Coutume se dit aussi d’un droit qu’on paye ordinairement comme une espèce de péage aux passages des villes, & le plus souvent à l’entrée des bailliages & Vicomtés, pour l’entretien des ponts & passages dont on ne connoît point l’origine ni l’établissement. Jus moribus constitutum, in more positum. On met un morceau de bois tourné & attaché au bout d’une perche, pour signal aux Voituriers qu’il faut payer ce droit ; & on l’appelle billot ou billet, sur quoi on a fait ces vers :

Ce billot suspendu qui à l’air se consume,
Avertit le Marchand d’acquitter sa coutume.

On appelle en quelques lieux petite coutume, le payement d’un denier pour bœuf ; & la grande coutume, celui de quatre deniers. Les Ecclésiastiques appelèrent autrefois louable coutume, les droits que le Clergé levoit sur les gens d’Eglise, comme décimes, annates, déports, proficiats, &c. contre lesquels Paquier a fait de fortes invectives. On a appelé coutumes Episcopales, certains deniers ou tributs qu’ils faisoient payer à Pâque.

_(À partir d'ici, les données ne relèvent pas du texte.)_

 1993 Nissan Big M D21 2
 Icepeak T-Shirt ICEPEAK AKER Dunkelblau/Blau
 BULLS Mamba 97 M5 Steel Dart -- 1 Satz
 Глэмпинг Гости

Le mot de coutume se prend aussi dans le droit Canon pour de certains droits que les Evêques exigeoient des Ecclésiastiques & des Moines dans leurs visites. Ils les appelèrent droits de procuration ou de coutumes : comme ils ne se contentoient pas des droits ordinaires, les Moines ont souvent adressé aux Papes leurs plaintes, pour avoir quelque modération. Le Pape Clément V jugea à propos dans le Concile de Vienne d’apporter le remède nécessaire à ces excès. Il y fut arrêté que les Evêques dans les visites des Monastères n’exigeroient que ce que le droit commun ou spécial, la coutume ou le privilège leur accorderoient. Voyez les Clémentines au titre de Censibus, exactionibus & procurationibus.

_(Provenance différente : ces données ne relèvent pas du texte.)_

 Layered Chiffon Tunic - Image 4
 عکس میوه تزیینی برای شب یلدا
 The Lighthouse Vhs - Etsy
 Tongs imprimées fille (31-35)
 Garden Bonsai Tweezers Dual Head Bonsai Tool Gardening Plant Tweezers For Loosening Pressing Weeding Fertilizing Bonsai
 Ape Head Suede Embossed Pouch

Coutume a signifié autrefois un revenu annuel en blé, vin & autre chose payable au Seigneur qui avoit donné l’héritage à cette condition. Ainsi on dit, prendre un héritage à coutume ; pour dire, à certaines charges spécifiées, ou selon l’usage ordinaire des lieux. On appelle aussi droits des coutumes, d’autres sortes de droits établis par les Seigneurs dans les marchés sur les denrées par l’usage & la coutume des lieux.

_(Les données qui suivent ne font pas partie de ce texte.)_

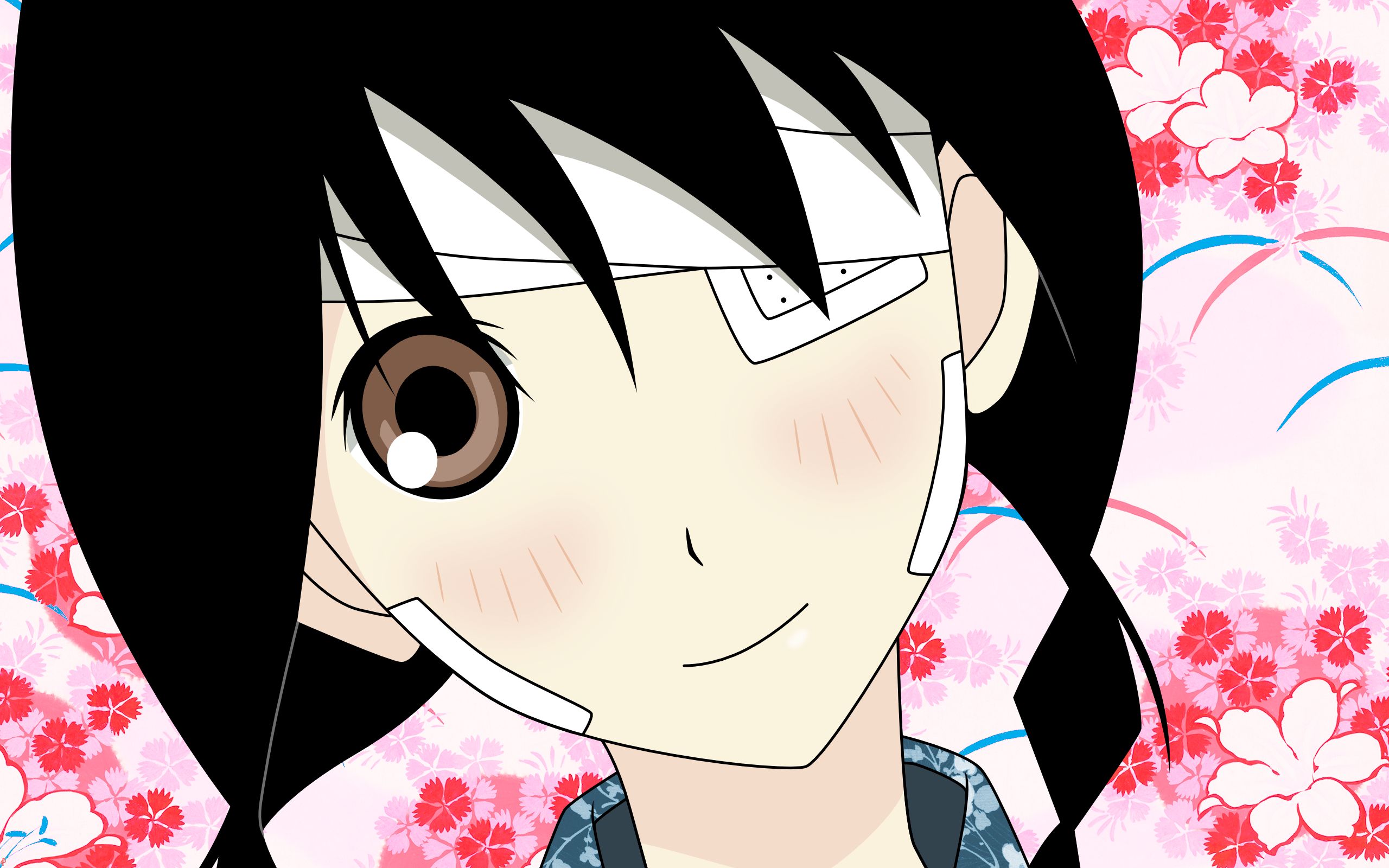 Free download wallpaper Anime, Sayonara Zetsubou Sensei, Abiru Kobushi on your PC desktop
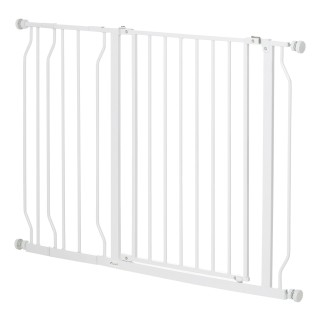 PawHut Safety Gate για σκύλους από χάλυβα και ABS, επεκτάσιμο 75-11... PawHut Safety Gate για σκύλους από χάλυβα και ABS, επεκτάσιμο 75-11...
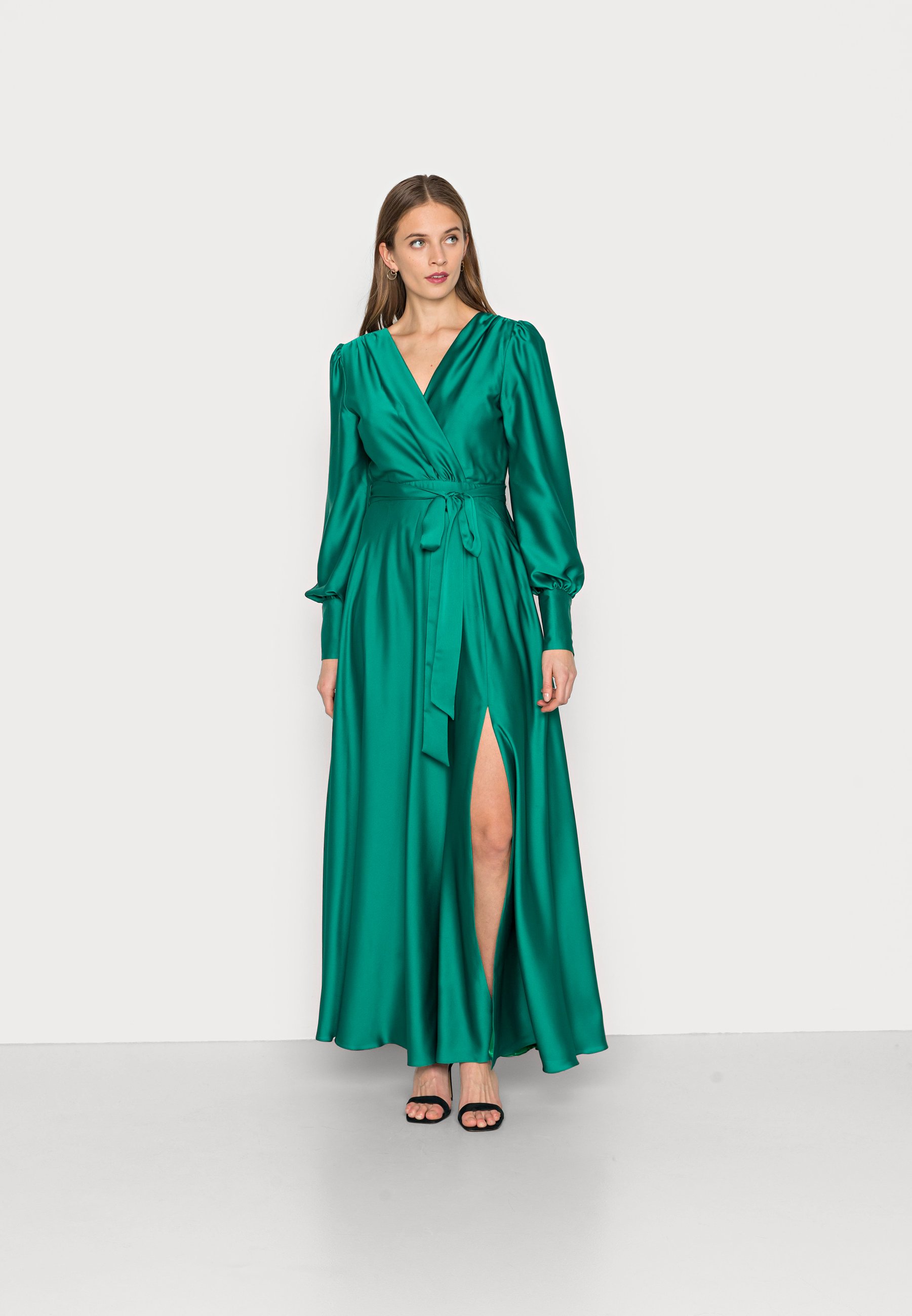Swing EVENING DRESS - Galajurk - palm green/groen - Zalando.nl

Coutume se dit proverbialement en ces phrases. C’est la coutume de Lorris, où le battu paye l’amende : ce qui se dit, quand un homme qui a sujet de se plaindre, est encore condamné. Cet article ne se trouve point dans la coutume de Lorris, mais bien dans un vieux titre de l’an 1448, qui est une confirmation des privilèges de Lorris, faite par le Roi Philippe, où il est dit que quand quelqu’un des combattans en gage de bataille étoit vaincu, le pleige étoit obligé de payer cent douze sols d’amende ; ce qui ne se faisoit point dans tous les autres lieux en de semblables combats. C’est une remarque qu’a fait Pasquier, mais d’autres ajoutent que cela avoit aussi lieu en d’autres endroits, comme on voit dans la vie des Evêques de Mets, en un temps où tous les différends se vidoient en champ de bataille, & à coups de main ; & alors les battus payoient l’amende. Mais quelques-uns disent que c’est la mauvaise intelligence de ce proverbe qui cause de l’étonnement ; car la loi voulant que ceux qui battent les autres soient punis, elle s’est expliquée en ces termes, qui tiennent de l’apostrophe ; Le bas-tu paye l’amende. Voyez Coquille, Hist. de Nivernois, p. 274. On dit une fois n’est pas coutume. Il ne faut pas perdre les bonnes coutumes. Acad. Fr.